Unfortunately each of these tab separated files don't have a header (which is required by Shaped). To address this, we will prepend the header. As part of this step, we will also trim the dataset down to 100k samples. The command is as follows:

(echo "user_id\tartist_id\tartist_name\tplays"; head -n 100000 lastfm-dataset-360K/usersha1-artmbid-artname-plays.tsv) > lastfm-dataset-360K/user-artist-plays-100k.tsv

To keep things as simple as possible, this tutorial only uses events to create the model. If you want to use the user and item data as well, just carry out the steps below in the same way. You can see how that's done in the notebook for this tutorial.

Additionally, to save time for this tutorial, we trim the dataset down to the first 100k events. The entire LastFM dataset has ~17 million events! See for yourself with wc -l lastfm-dataset-360K/usersha1-artmbid-artname-plays.tsv.

Create LastFM Shaped dataset

For this tutorial we're going to be creating a Shaped Dataset and inserting the plays records into it. To create this dataset, we have a concise cli command called create-dataset-from-uri. This command will create a dataset and then insert the records in for you.

CLI
shaped create-dataset-from-uri --name lastfm_plays --path lastfm-dataset-360K/user-artist-plays-100k.tsv --type tsv

You'll see the records uploading in batches of 1000, once it has reached 100k records you can move forward.

Create your model

We're now ready to create your Shaped model! To keep things simple, today, we're using the plays records to build a collaborative filtering model. Shaped will use these plays to determine which users like which artist with the assumption that the more plays the artist has the more likely a user likes the artist.

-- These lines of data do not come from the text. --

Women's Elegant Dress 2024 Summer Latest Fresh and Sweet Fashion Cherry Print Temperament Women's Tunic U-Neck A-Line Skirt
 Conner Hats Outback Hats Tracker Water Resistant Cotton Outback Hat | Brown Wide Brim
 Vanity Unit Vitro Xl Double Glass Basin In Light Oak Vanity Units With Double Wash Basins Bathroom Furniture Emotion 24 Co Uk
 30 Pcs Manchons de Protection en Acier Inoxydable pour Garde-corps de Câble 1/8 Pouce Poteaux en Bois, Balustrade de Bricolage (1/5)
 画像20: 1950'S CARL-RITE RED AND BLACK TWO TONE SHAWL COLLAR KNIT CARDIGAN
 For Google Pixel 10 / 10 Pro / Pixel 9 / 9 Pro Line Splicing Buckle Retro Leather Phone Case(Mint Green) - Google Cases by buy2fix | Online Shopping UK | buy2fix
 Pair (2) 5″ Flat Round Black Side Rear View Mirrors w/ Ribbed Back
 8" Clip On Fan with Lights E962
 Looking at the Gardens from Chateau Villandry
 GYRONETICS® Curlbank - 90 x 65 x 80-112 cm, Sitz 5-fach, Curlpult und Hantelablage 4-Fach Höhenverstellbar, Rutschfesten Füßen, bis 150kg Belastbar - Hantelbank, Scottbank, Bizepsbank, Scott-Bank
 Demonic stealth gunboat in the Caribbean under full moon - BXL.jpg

Here's the create model definition we'll be using, and the corresponding create-model command.

lastfm_artist_recommendations.yaml
model:
name: lastfm_artist_recommendations
connectors:
- type: Dataset
id: lastfm_plays
name: lastfm_plays
fetch:
events: |
SELECT user_id, artist_id AS item_id, 0 AS created_at, plays AS label
FROM lastfm_plays
shaped create-model --file lastfm_artist_recommendations.yaml

For further details about creating models please refer to the Create Model API reference.

Inspect your model

Your recommendation model can take up to a few hours to provision your infrastructure and train on your historic events. This time mostly depends on how large your dataset is i.e. the volume of your users, items and interactions and the number of attributes you're providing.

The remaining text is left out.